▶ _Exercise aim_: Repeat each line of the data below exactly, but skip the pictures.

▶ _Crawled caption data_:
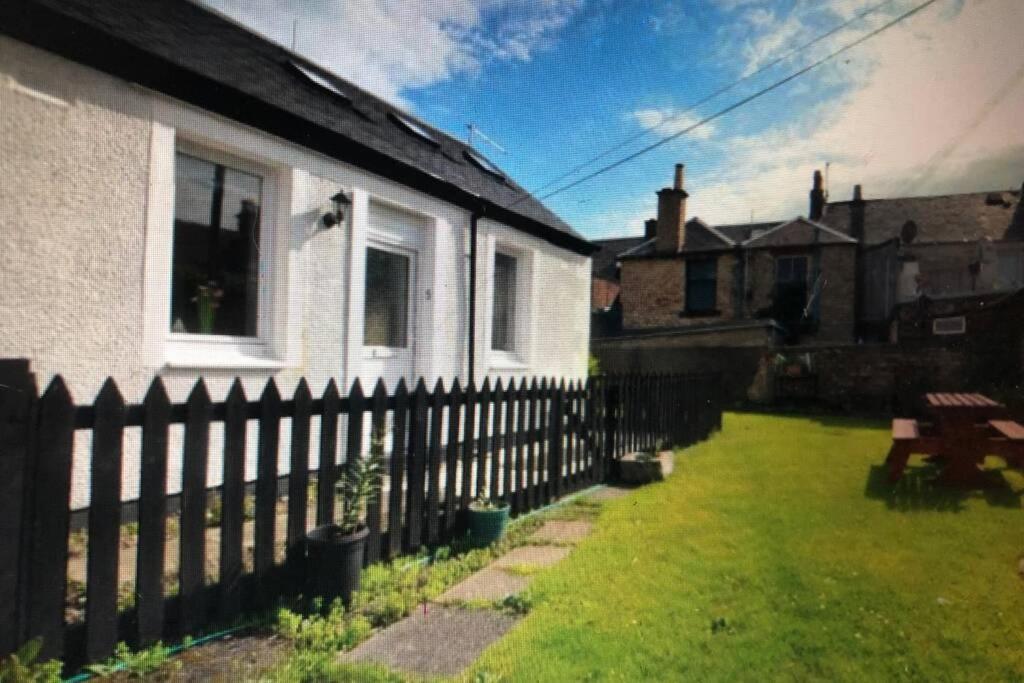 The Brambles Girvan Holiday Cottage By Seaside. Luaran gambar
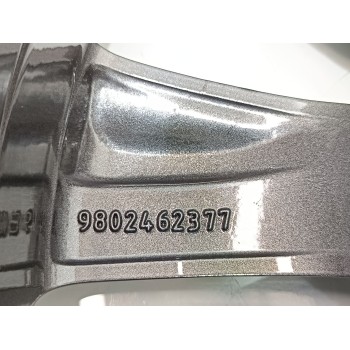 Recambio de llanta para peugeot 3008 access referencia OEM IAM 9802462377  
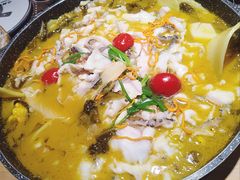 经典老坛酸菜鱼-山城外·非遗酸菜鱼(新都汇融店)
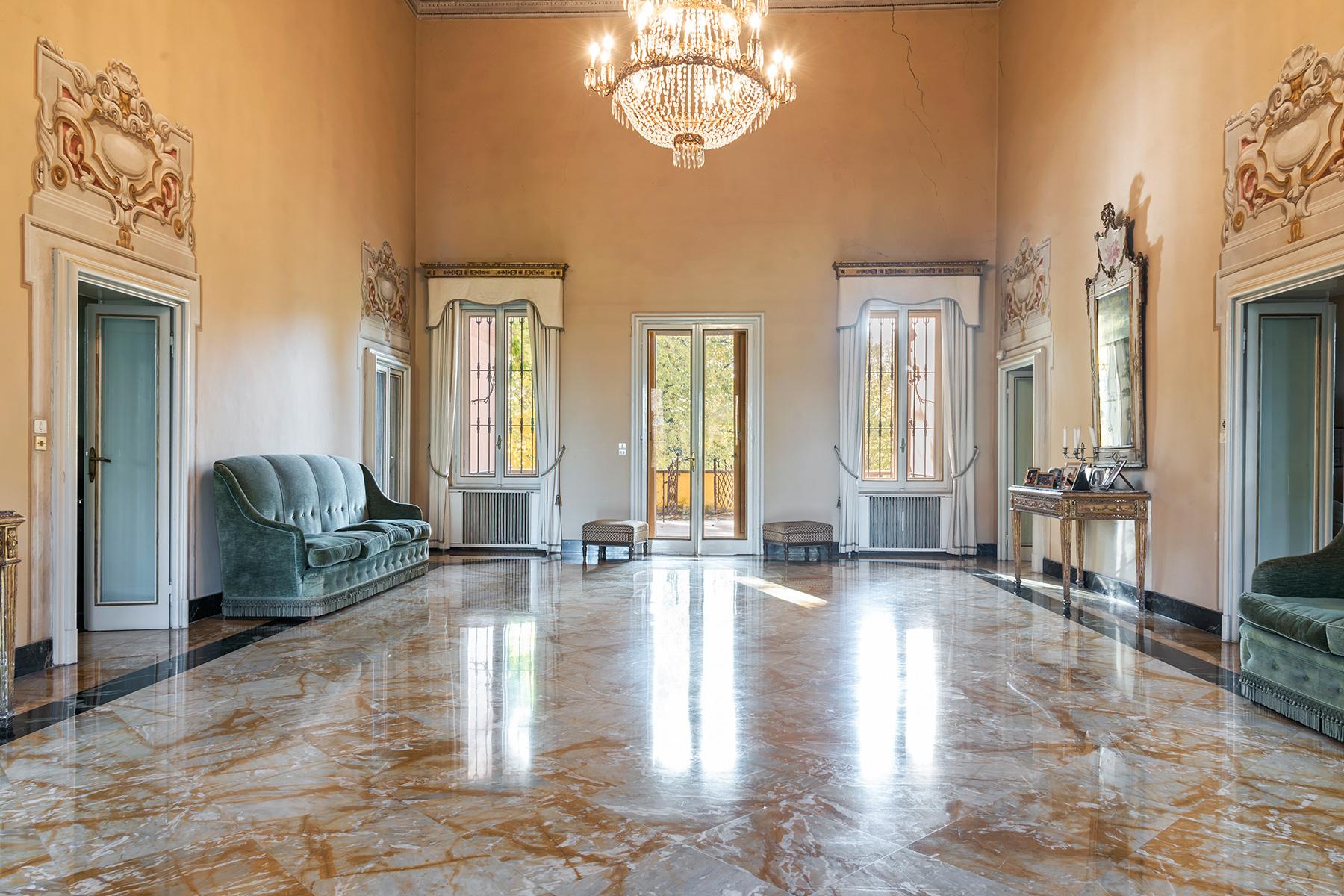 Historische Villa mit Park und Pool in Parma - 14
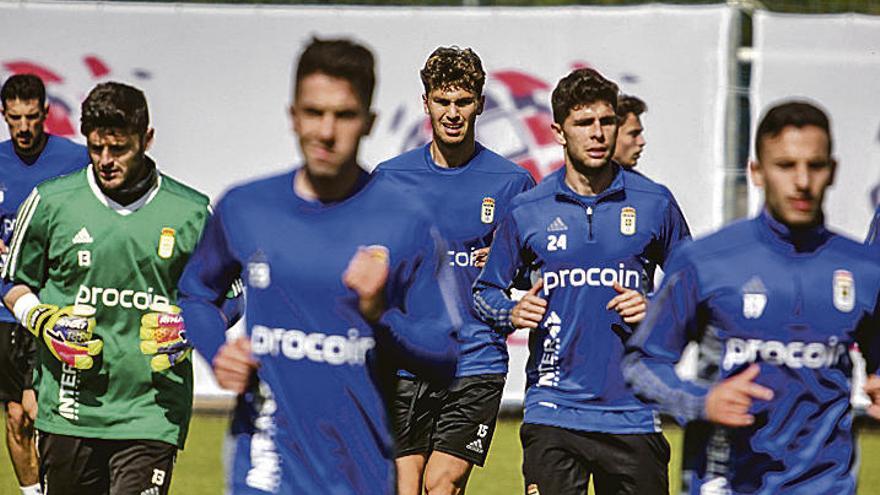 Los jugadores hacen carrera en El Requexón.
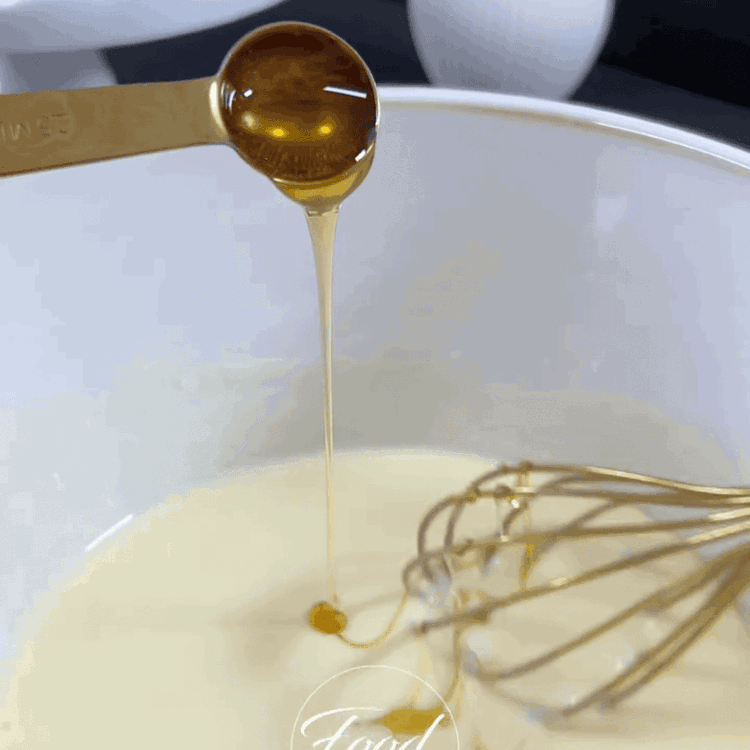 Image of Amestecați bine Skyr-ul cu smântână, zahăr, miere, ou și amidon...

▶ _Your solution_:
 The Brambles Girvan Holiday Cottage By Seaside. Luaran gambar
 Recambio de llanta para peugeot 3008 access referencia OEM IAM 9802462377  
 经典老坛酸菜鱼-山城外·非遗酸菜鱼(新都汇融店)
 Historische Villa mit Park und Pool in Parma - 14
 Los jugadores hacen carrera en El Requexón.
 Image of Amestecați bine Skyr-ul cu smântână, zahăr, miere, ou și amidon...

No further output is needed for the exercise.